==== INPUT DATA

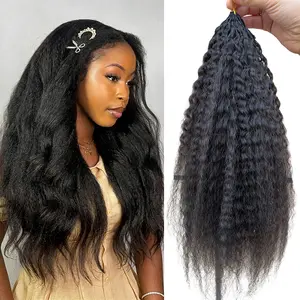Light Yaki Kinky Straight Feather Crochet Human Hair Extension Pre Separated Miracle Knots 100% Unprocessed Human Hair Bulk Bundles Ocean Wave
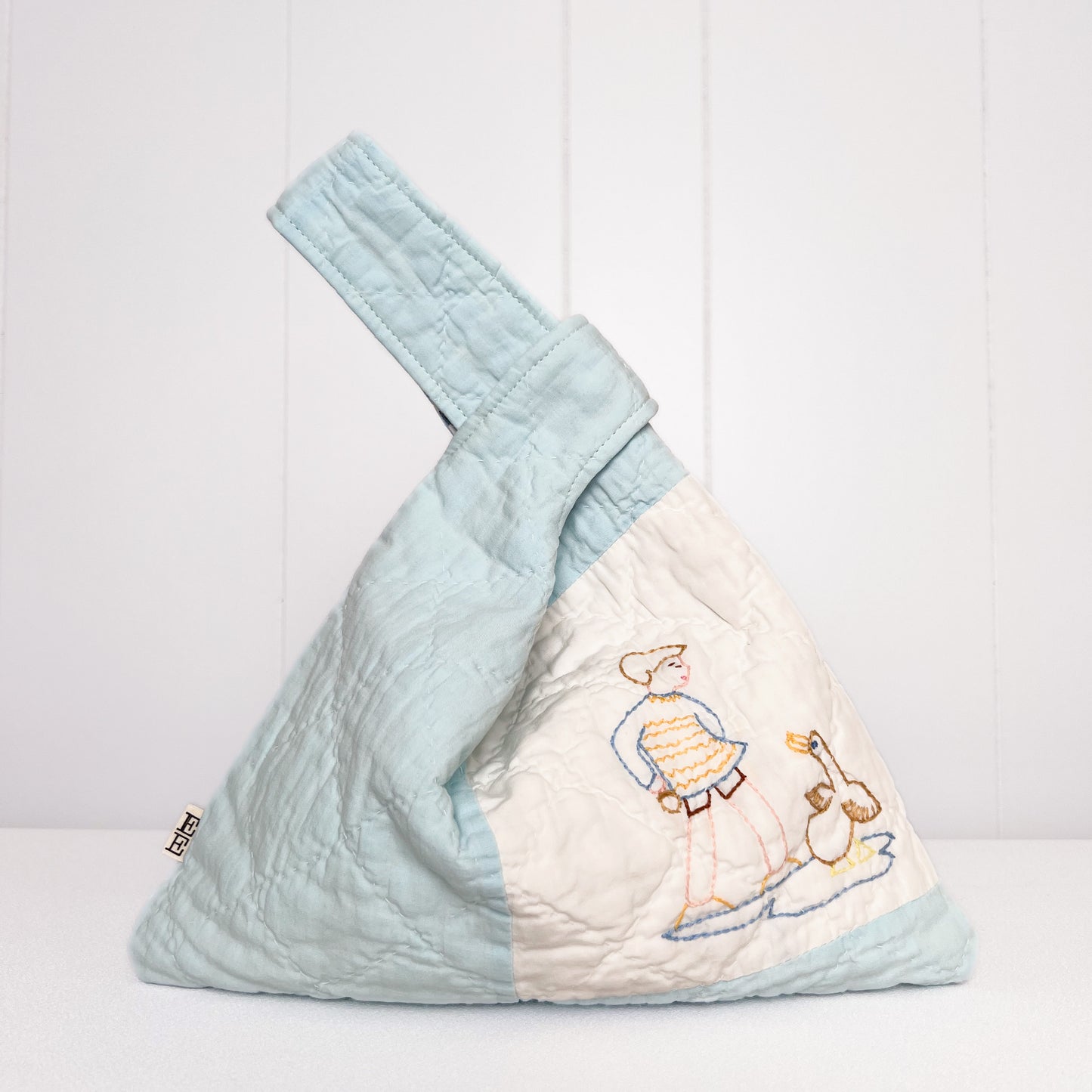 Knot Bag - Embroidered Vintage Quilt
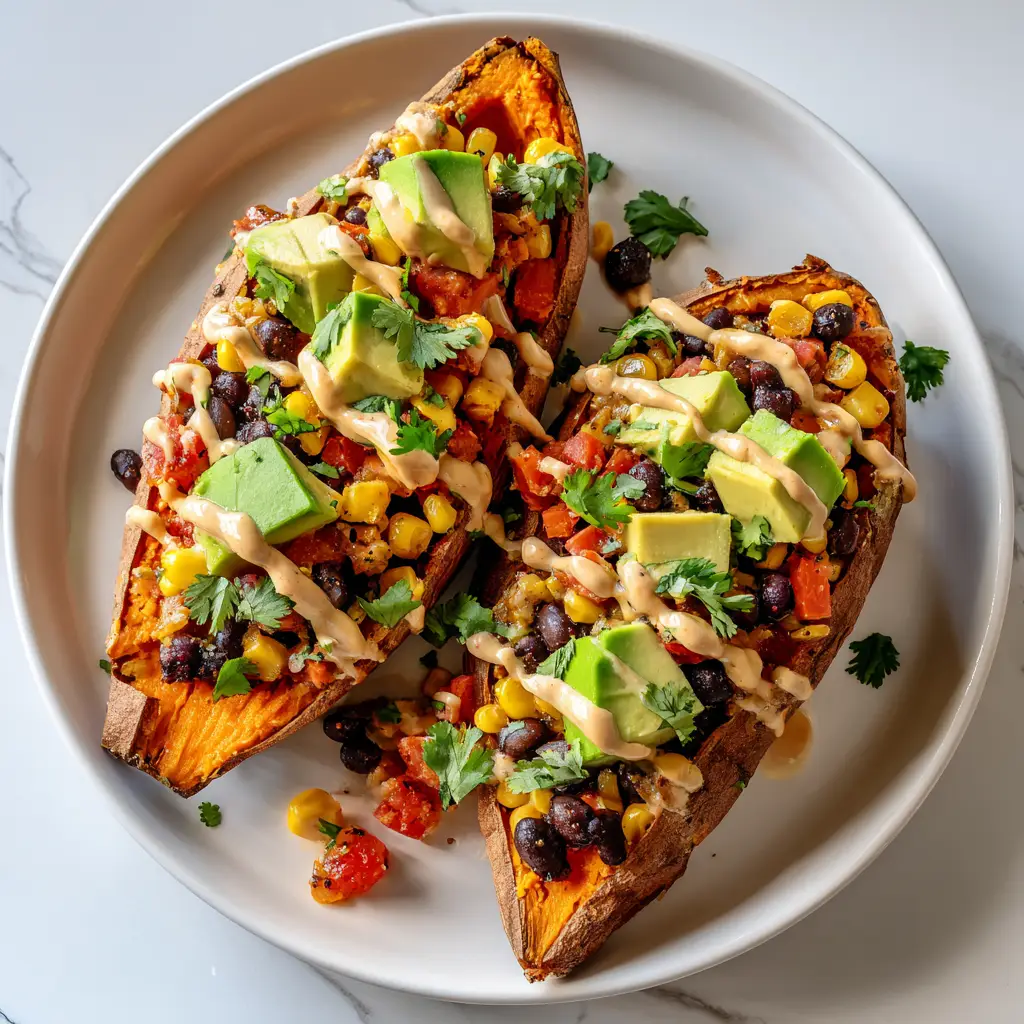Stuffed Sweet Potatoes with Southwest Black Bean Filling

========

Return nothing except the lines from the one containing "Knot Bag - Embroidered Vintage Quilt" through the final line of the data, copied exactly. Leave out all pictures.

### [RESULT]
 Knot Bag - Embroidered Vintage Quilt
Stuffed Sweet Potatoes with Southwest Black Bean Filling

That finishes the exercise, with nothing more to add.